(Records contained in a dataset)

# # # # #

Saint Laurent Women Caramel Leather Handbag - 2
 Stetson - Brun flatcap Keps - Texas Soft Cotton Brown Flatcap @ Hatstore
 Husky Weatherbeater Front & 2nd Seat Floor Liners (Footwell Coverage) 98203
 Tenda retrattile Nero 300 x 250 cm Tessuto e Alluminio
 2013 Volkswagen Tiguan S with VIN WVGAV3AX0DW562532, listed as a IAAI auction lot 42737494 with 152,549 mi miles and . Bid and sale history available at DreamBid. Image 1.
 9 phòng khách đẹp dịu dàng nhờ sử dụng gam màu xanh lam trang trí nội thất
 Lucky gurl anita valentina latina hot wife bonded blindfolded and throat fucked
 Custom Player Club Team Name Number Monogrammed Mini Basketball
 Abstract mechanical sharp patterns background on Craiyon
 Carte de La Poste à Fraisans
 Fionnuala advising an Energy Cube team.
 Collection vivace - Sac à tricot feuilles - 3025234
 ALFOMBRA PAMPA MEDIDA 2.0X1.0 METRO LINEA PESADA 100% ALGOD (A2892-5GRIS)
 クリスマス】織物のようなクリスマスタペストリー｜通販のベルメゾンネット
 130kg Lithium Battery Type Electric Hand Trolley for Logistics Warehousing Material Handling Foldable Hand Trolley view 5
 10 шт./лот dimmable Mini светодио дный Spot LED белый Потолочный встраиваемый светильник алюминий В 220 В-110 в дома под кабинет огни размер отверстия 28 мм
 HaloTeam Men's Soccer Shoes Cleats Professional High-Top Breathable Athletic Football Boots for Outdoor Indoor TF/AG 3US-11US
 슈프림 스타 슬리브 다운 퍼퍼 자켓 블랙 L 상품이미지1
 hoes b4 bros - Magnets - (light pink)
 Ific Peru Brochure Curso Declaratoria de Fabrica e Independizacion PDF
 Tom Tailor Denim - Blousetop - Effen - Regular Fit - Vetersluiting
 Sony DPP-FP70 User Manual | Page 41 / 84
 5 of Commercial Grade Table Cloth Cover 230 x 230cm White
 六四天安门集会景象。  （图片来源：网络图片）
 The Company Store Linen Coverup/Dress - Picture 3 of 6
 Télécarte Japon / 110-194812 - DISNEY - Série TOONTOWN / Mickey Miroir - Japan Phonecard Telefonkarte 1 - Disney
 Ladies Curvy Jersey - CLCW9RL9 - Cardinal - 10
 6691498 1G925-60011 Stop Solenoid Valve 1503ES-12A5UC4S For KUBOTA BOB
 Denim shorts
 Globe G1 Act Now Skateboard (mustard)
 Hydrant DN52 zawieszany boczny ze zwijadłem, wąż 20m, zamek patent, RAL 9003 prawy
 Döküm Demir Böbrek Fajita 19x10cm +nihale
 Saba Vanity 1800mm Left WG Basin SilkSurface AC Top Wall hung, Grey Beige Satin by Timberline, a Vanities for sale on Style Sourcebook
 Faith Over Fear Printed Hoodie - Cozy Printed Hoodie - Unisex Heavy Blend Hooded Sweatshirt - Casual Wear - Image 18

# # # # #

Exercise details: Go through the entries and return each line where the word "Denim" occurs.

Solution:
 Tom Tailor Denim - Blousetop - Effen - Regular Fit - Vetersluiting
 Denim shorts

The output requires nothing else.